**INSTRUCTIONS TO FOLLOW**
What is needed is the full set of records, word for word, with no pictures.

Scraped caption text data
*** Begin section ***
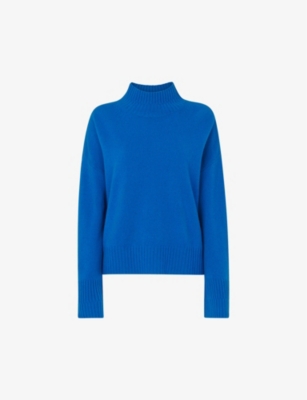 Whistles Womens Blue Double-trim Funnel-neck Wool Jumper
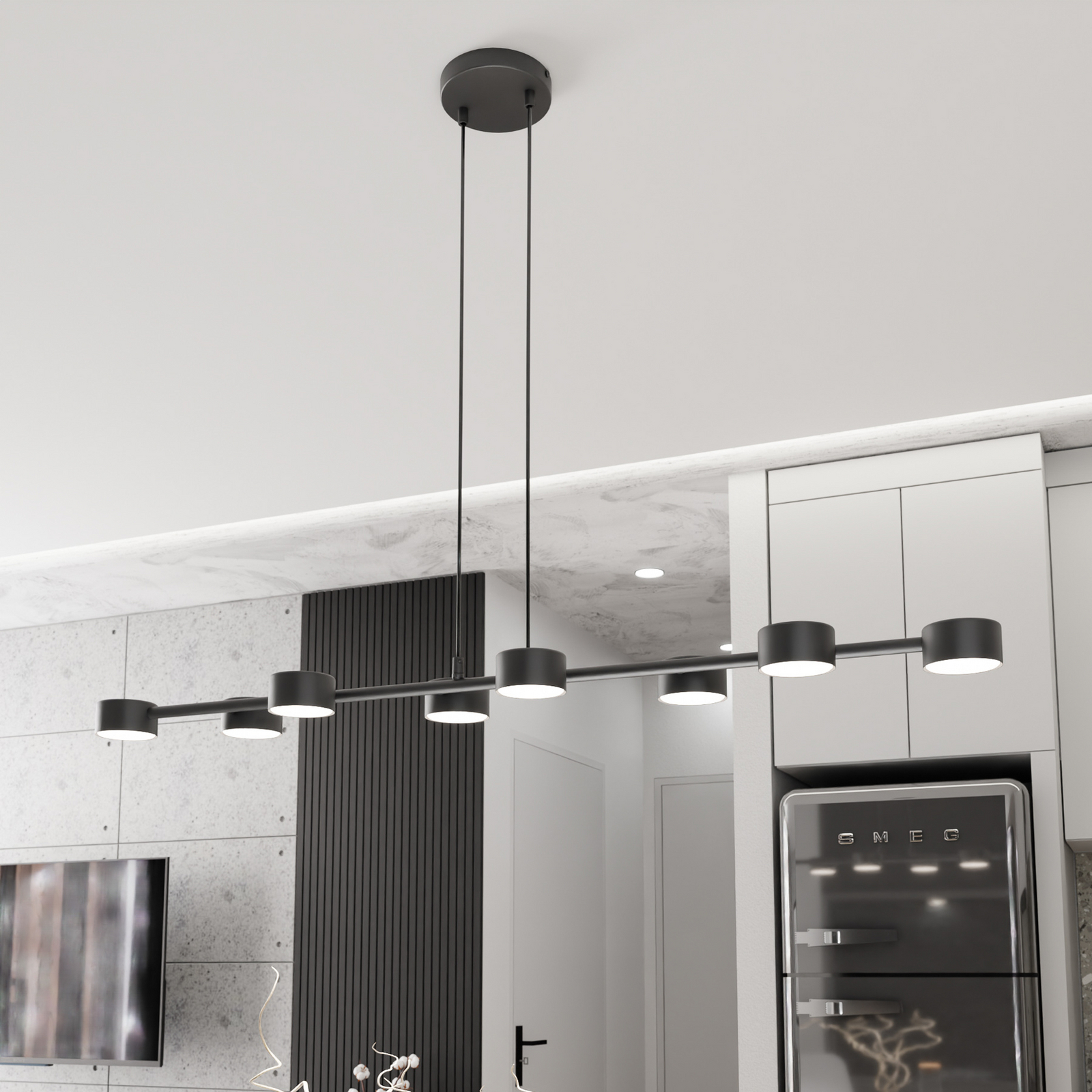 Deckenstrahler Megara, Länge 100 cm, Metall, 8-flg.
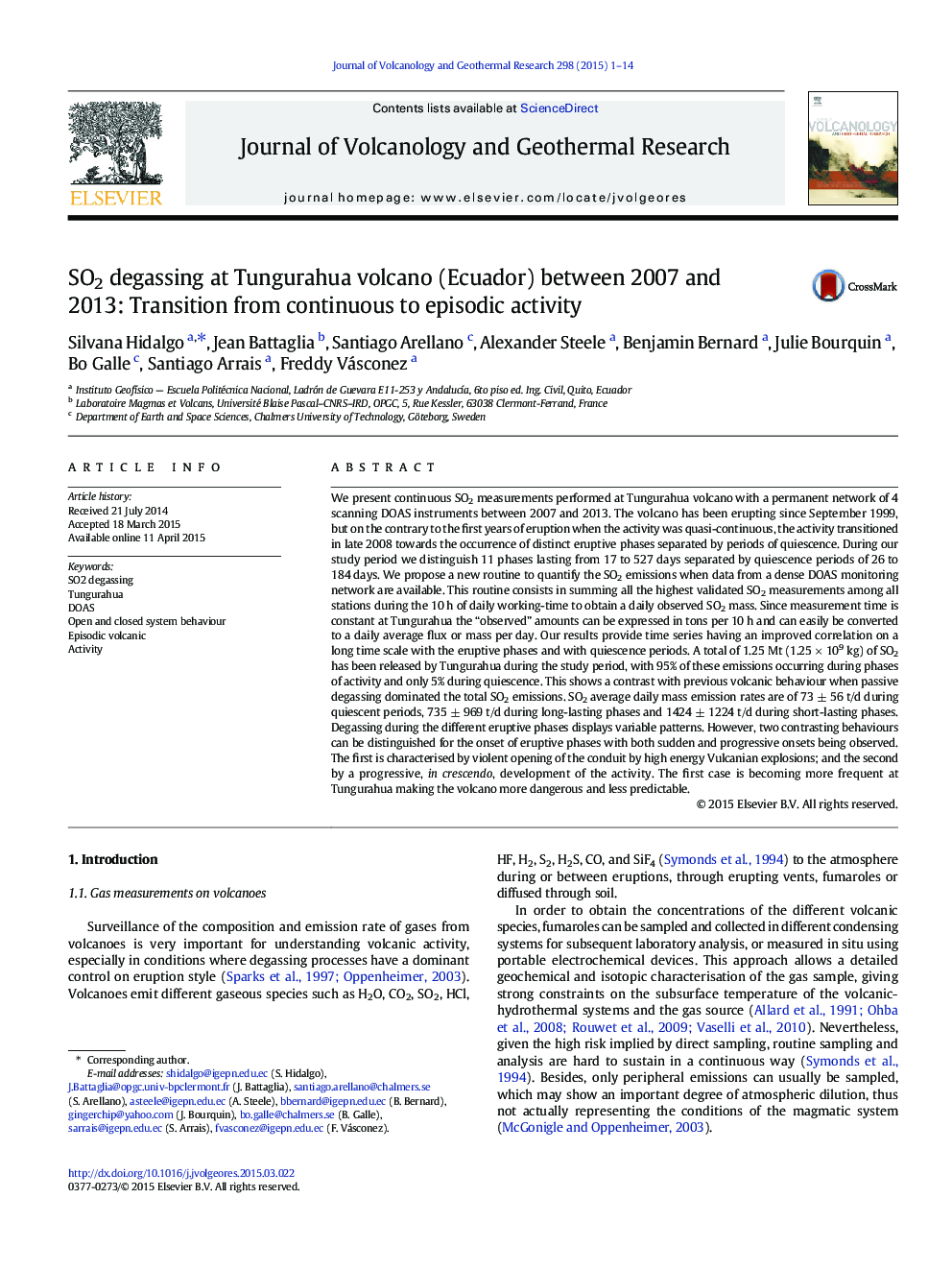 SO2 degassing at Tungurahua volcano (Ecuador) between 2007 and 2013: Transition from continuous to episodic activity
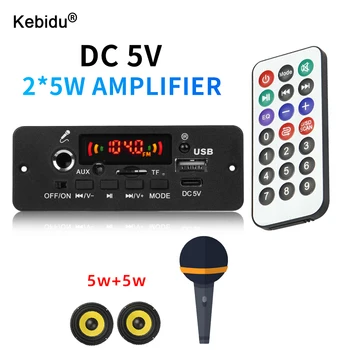 Kebidu 10W Digitaler Verstärker MP3 Decoder Board DC 5V Bluetooth 5.0 FM-Unterstützung Mikrofon-Auto MP3 Player mit Fernbedienung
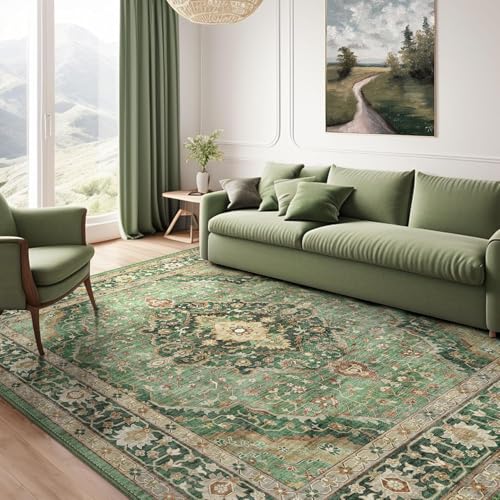 Deerly Green Border 8x10 Area Rug for Living Room & Bedroom Washable Boho Carpet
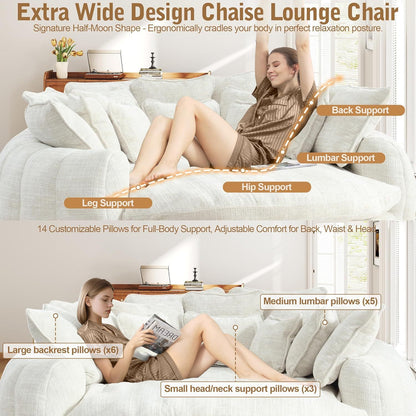 Oversized Round Chenille Lounge Sofa — beige lounging and pillow arrangement.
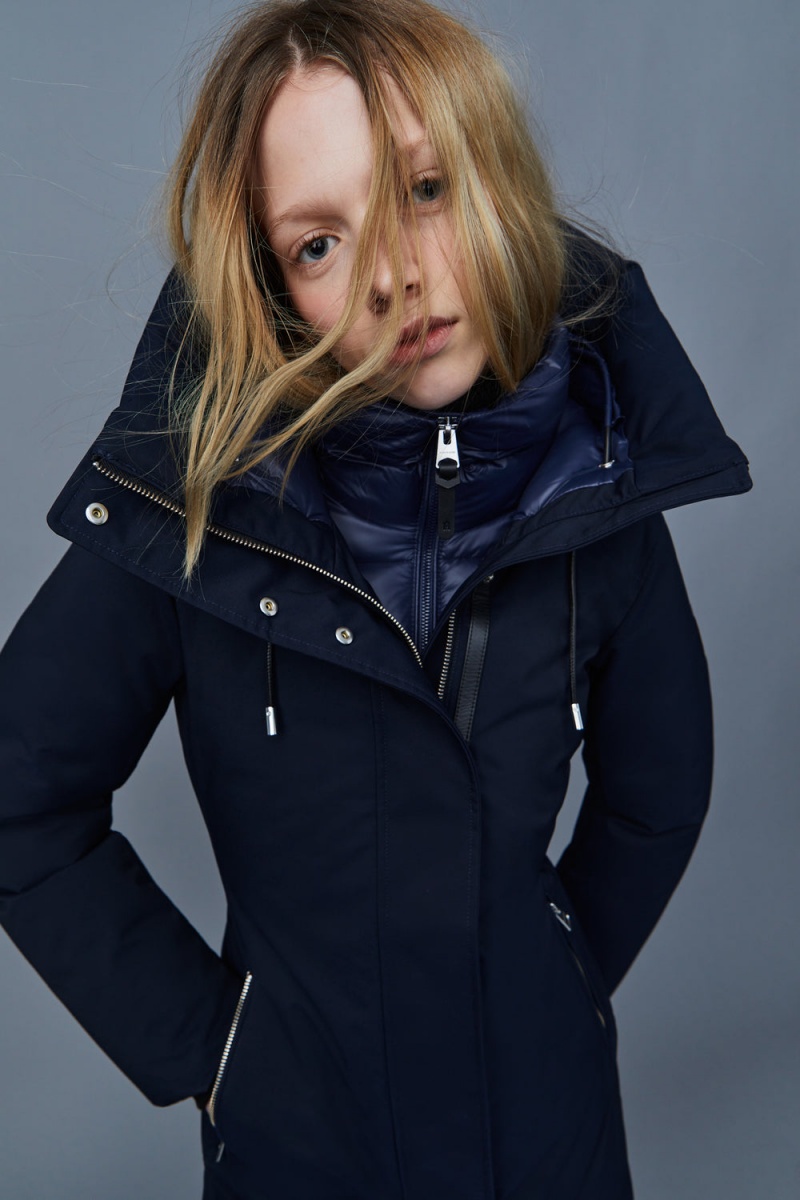 Mackage Shiloh 2-In-1 Fitted Removable Bib Dunrockar Dam Marinblå | EIMSQ-5403
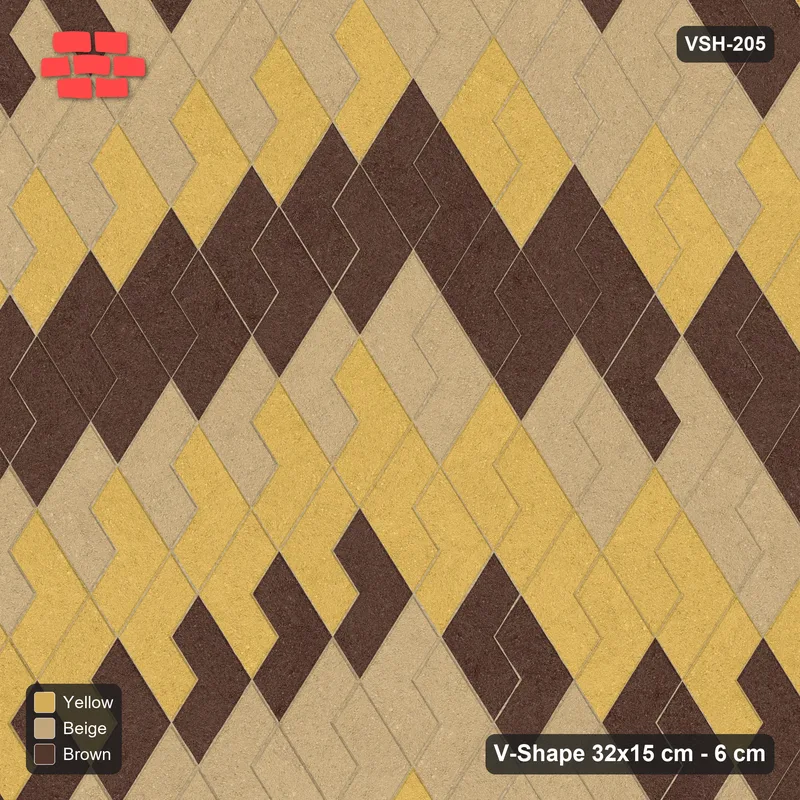 Interlock (Pasco) 32x15 cm · VSH-205 · Turned V zigzag rows, 3-tone nested arrows, kerbed · Top view Interlock (Pasco) 32x15 cm · VSH-205 · Turned V zigzag rows, 3-tone nested arrows, kerbed · Top view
*** End section ***
**RESPONSE TO THIS TASK**
 Whistles Womens Blue Double-trim Funnel-neck Wool Jumper
 Deckenstrahler Megara, Länge 100 cm, Metall, 8-flg.
 SO2 degassing at Tungurahua volcano (Ecuador) between 2007 and 2013: Transition from continuous to episodic activity
 Kebidu 10W Digitaler Verstärker MP3 Decoder Board DC 5V Bluetooth 5.0 FM-Unterstützung Mikrofon-Auto MP3 Player mit Fernbedienung
 Deerly Green Border 8x10 Area Rug for Living Room & Bedroom Washable Boho Carpet
 Oversized Round Chenille Lounge Sofa — beige lounging and pillow arrangement.
 Mackage Shiloh 2-In-1 Fitted Removable Bib Dunrockar Dam Marinblå | EIMSQ-5403
 Interlock (Pasco) 32x15 cm · VSH-205 · Turned V zigzag rows, 3-tone nested arrows, kerbed · Top view Interlock (Pasco) 32x15 cm · VSH-205 · Turned V zigzag rows, 3-tone nested arrows, kerbed · Top view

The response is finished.